### How to complete this task
Beginning with the line that contains "Funk For Hire", retype the entries below exactly, ending with the line that contains "ソフティーカットオフショルトップス". Leave out any pictures.

++++ Data for this task

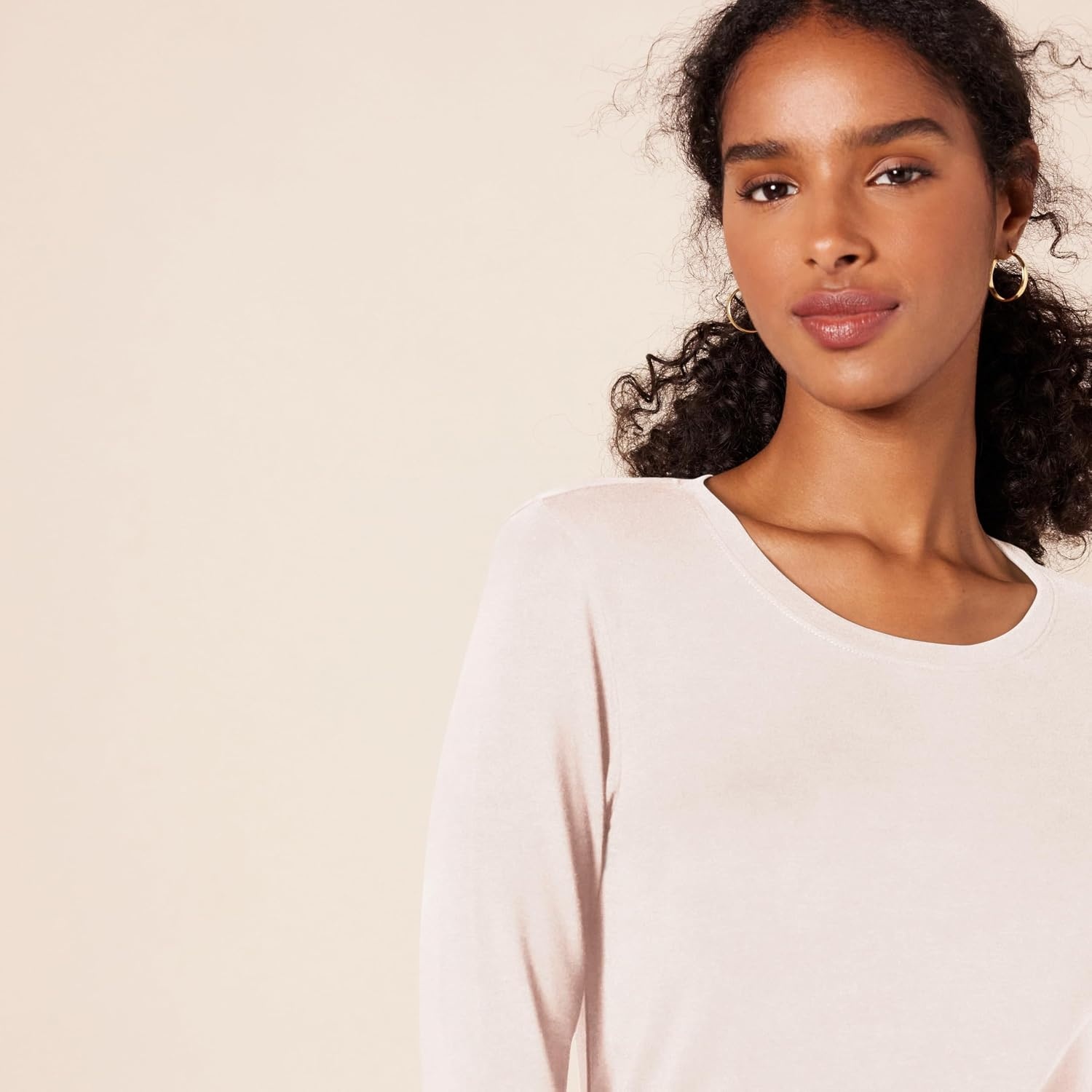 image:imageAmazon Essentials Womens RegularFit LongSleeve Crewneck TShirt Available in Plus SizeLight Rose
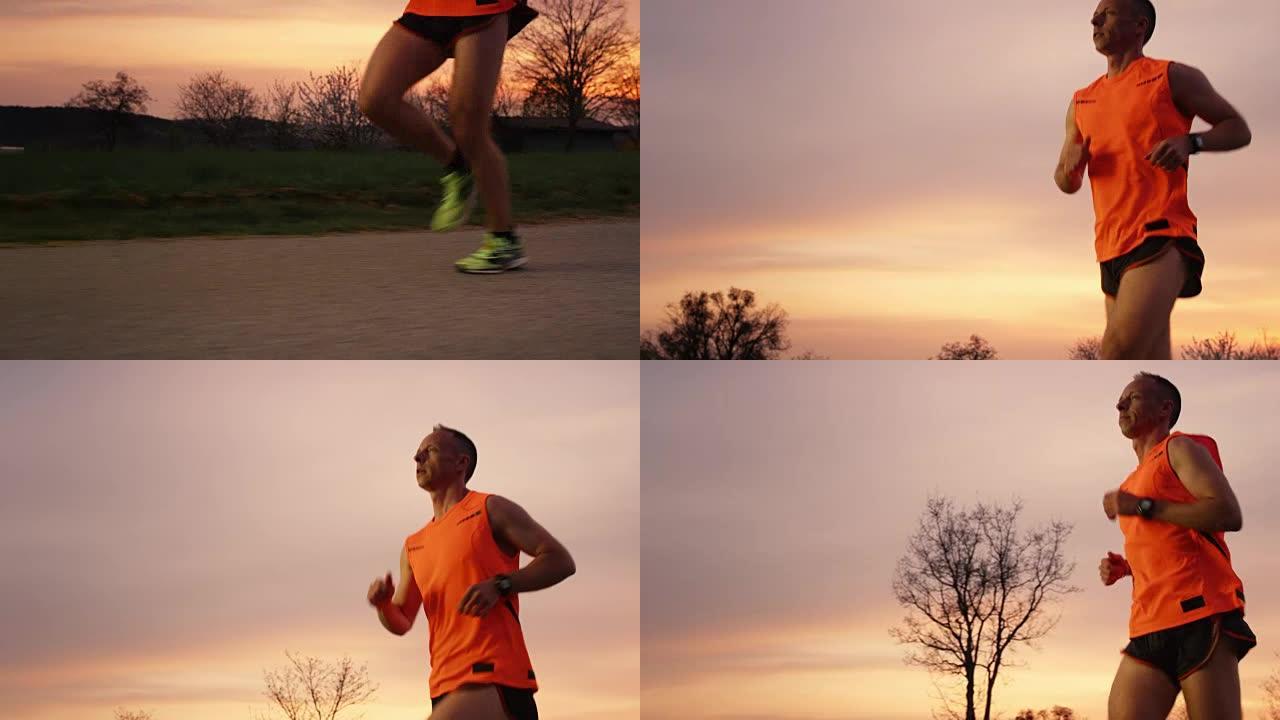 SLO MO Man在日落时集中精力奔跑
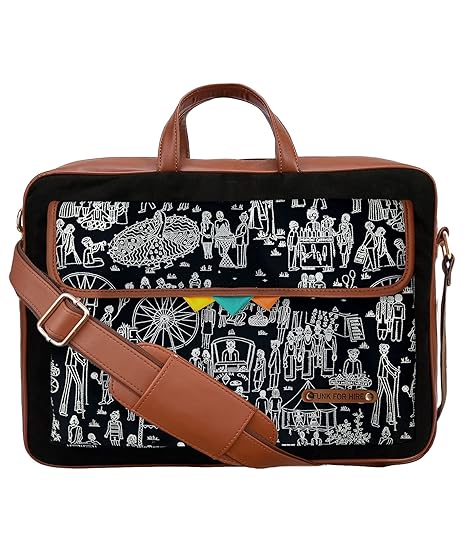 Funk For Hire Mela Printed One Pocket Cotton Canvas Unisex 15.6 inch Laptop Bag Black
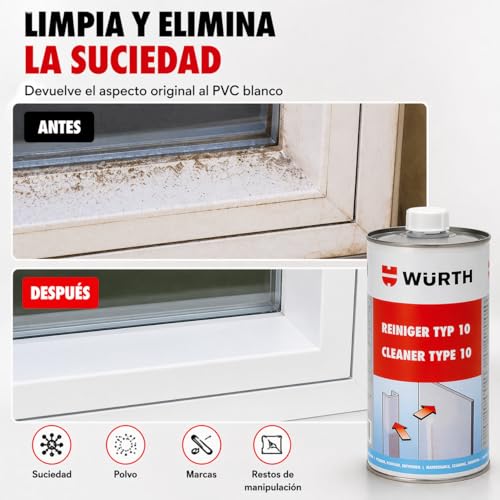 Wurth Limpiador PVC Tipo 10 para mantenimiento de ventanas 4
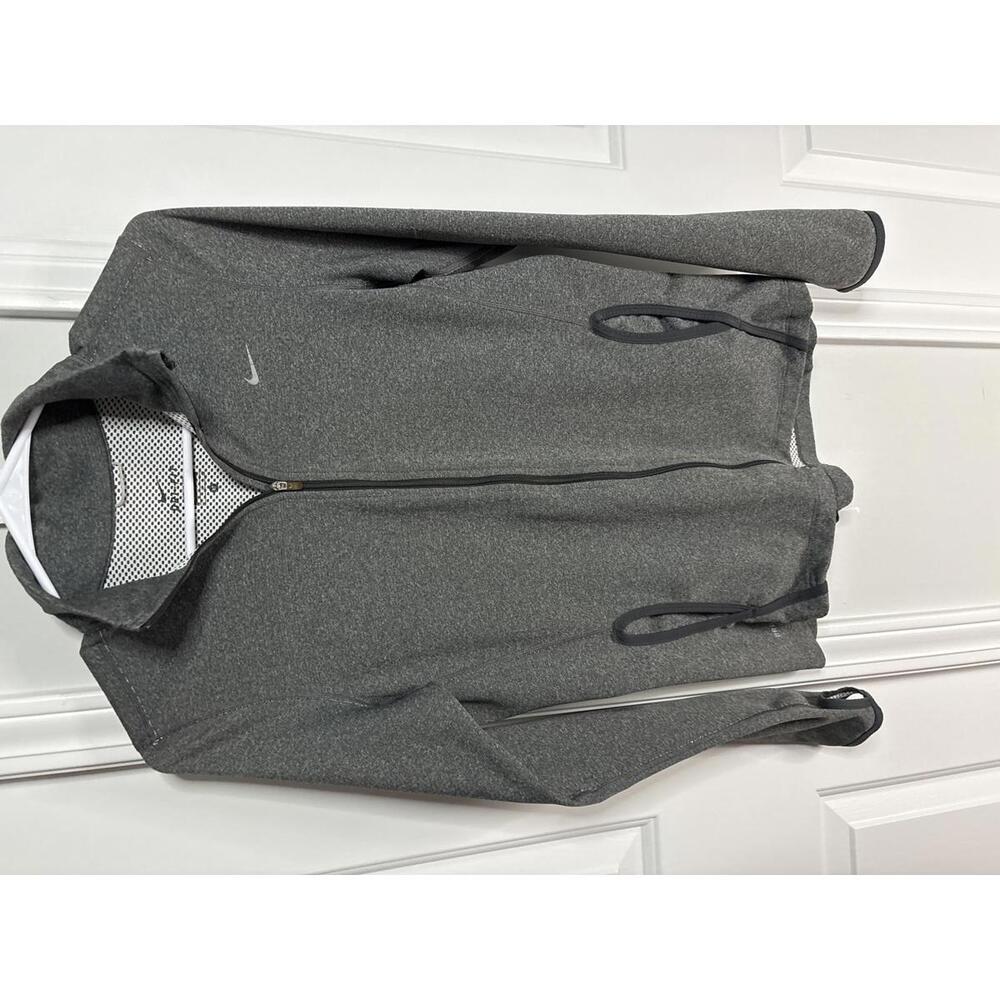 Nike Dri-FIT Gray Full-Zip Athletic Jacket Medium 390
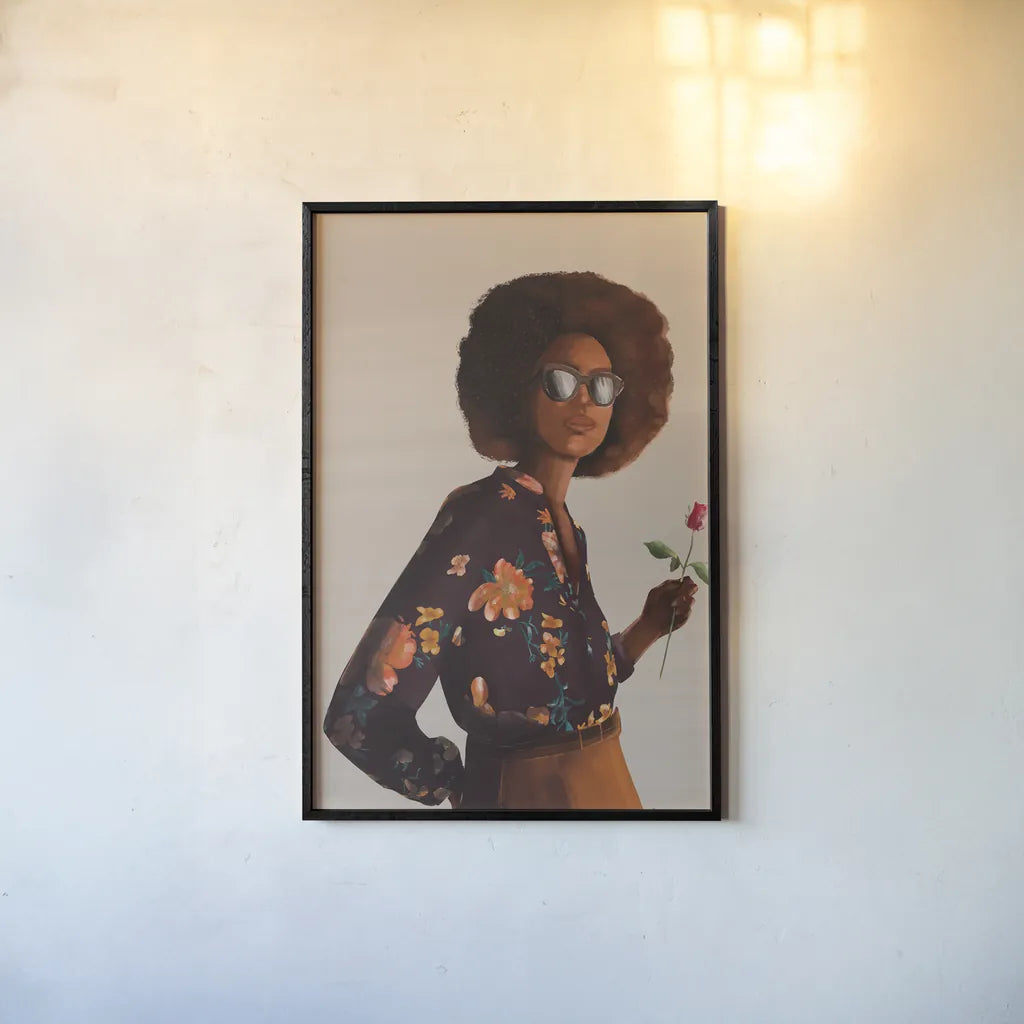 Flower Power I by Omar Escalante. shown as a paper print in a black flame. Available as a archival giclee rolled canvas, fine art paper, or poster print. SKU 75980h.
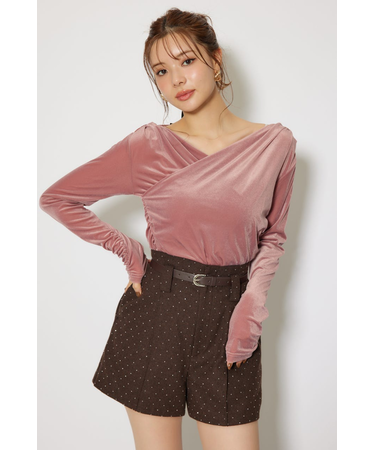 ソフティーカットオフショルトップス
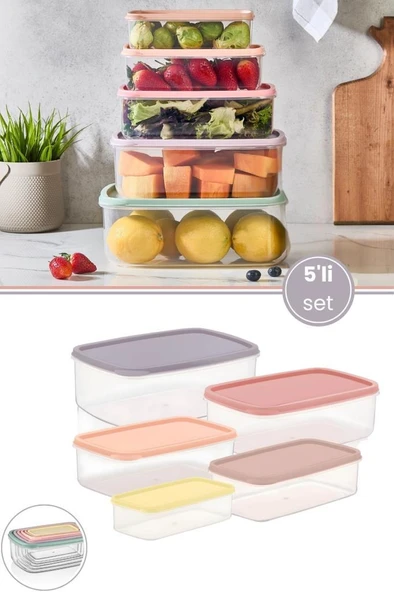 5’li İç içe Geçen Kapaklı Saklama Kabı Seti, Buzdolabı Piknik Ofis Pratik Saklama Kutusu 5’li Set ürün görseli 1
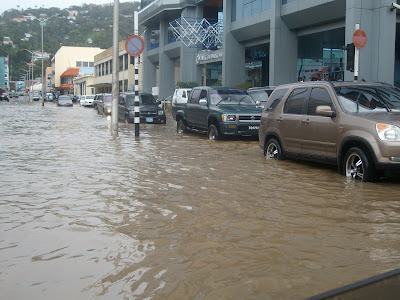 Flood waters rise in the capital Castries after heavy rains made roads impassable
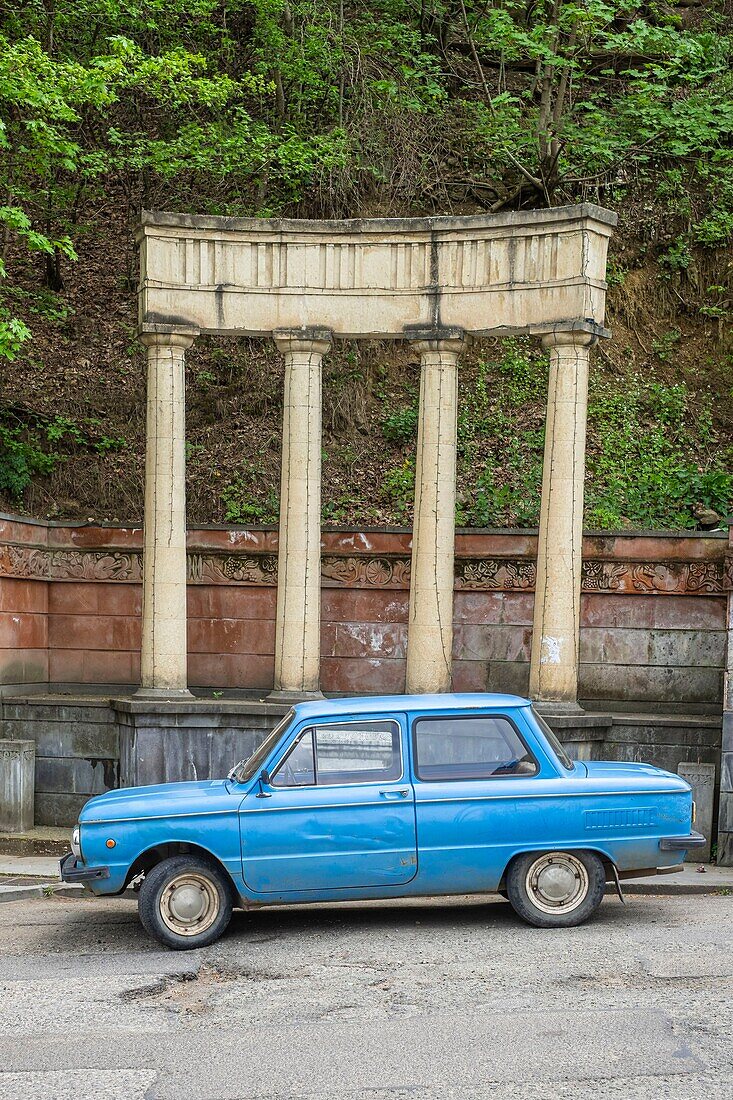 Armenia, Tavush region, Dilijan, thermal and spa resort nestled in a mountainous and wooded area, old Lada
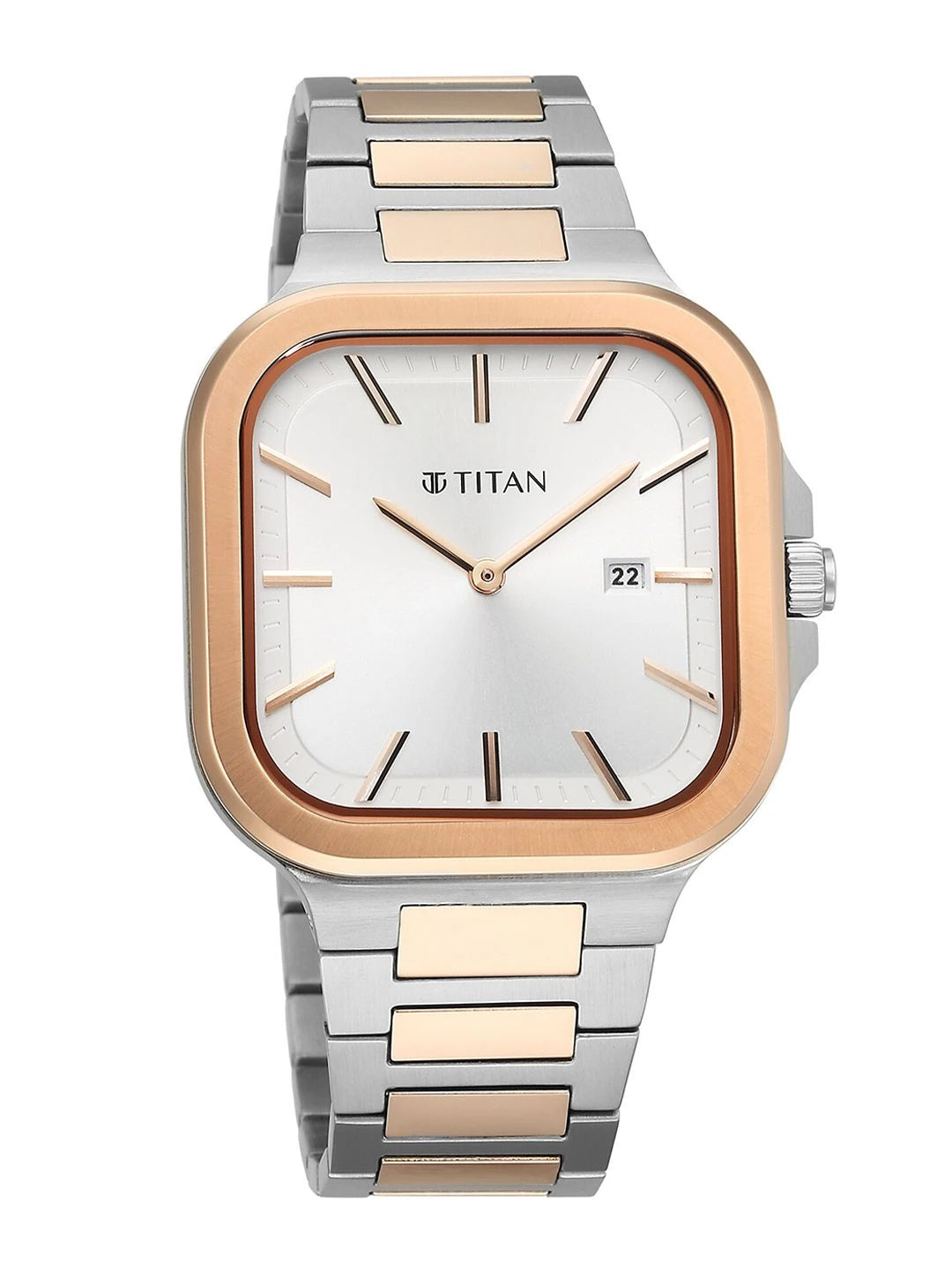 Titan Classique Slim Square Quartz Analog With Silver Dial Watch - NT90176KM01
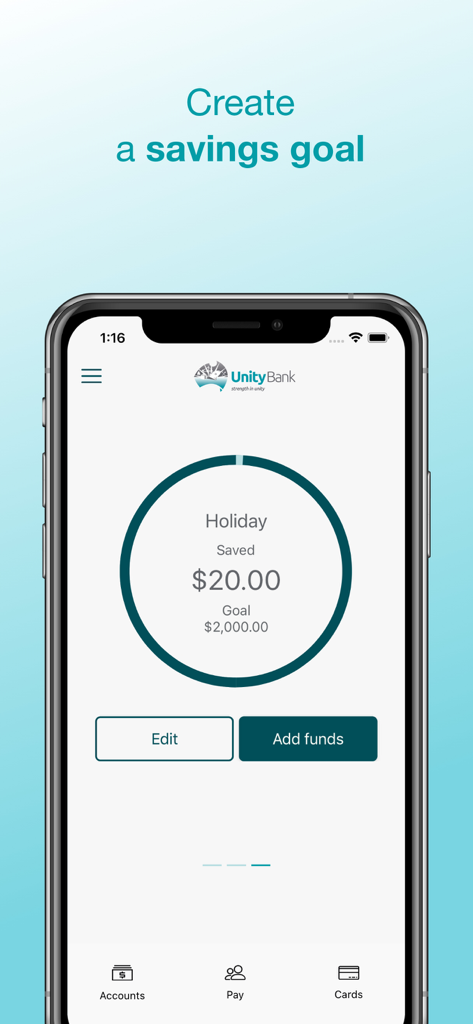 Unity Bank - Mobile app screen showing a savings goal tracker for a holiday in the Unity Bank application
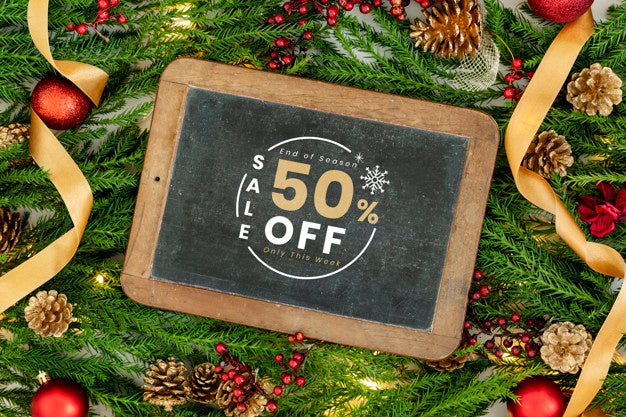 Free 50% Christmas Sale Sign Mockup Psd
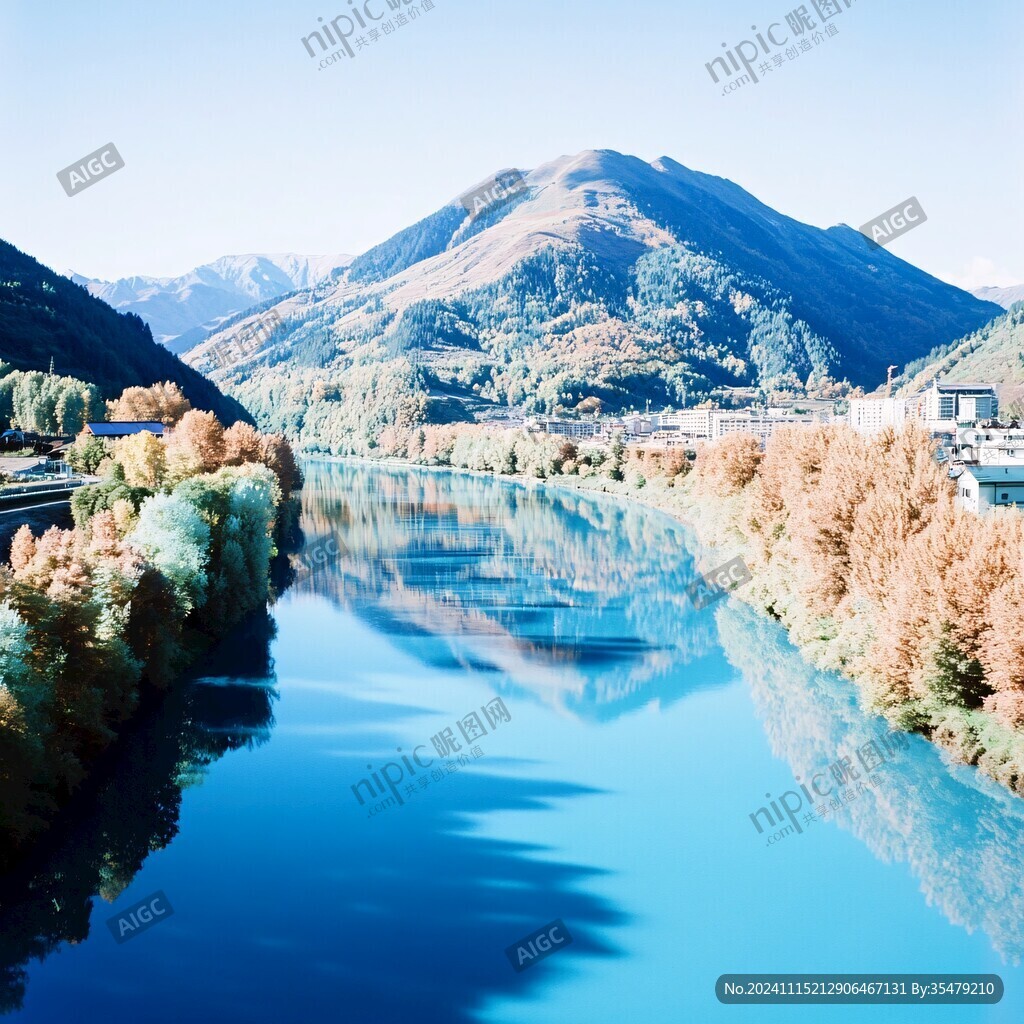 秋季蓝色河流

++++++++

### Expected answer
 Funk For Hire Mela Printed One Pocket Cotton Canvas Unisex 15.6 inch Laptop Bag Black
 Wurth Limpiador PVC Tipo 10 para mantenimiento de ventanas 4
 Nike Dri-FIT Gray Full-Zip Athletic Jacket Medium 390
 Flower Power I by Omar Escalante. shown as a paper print in a black flame. Available as a archival giclee rolled canvas, fine art paper, or poster print. SKU 75980h.
 ソフティーカットオフショルトップス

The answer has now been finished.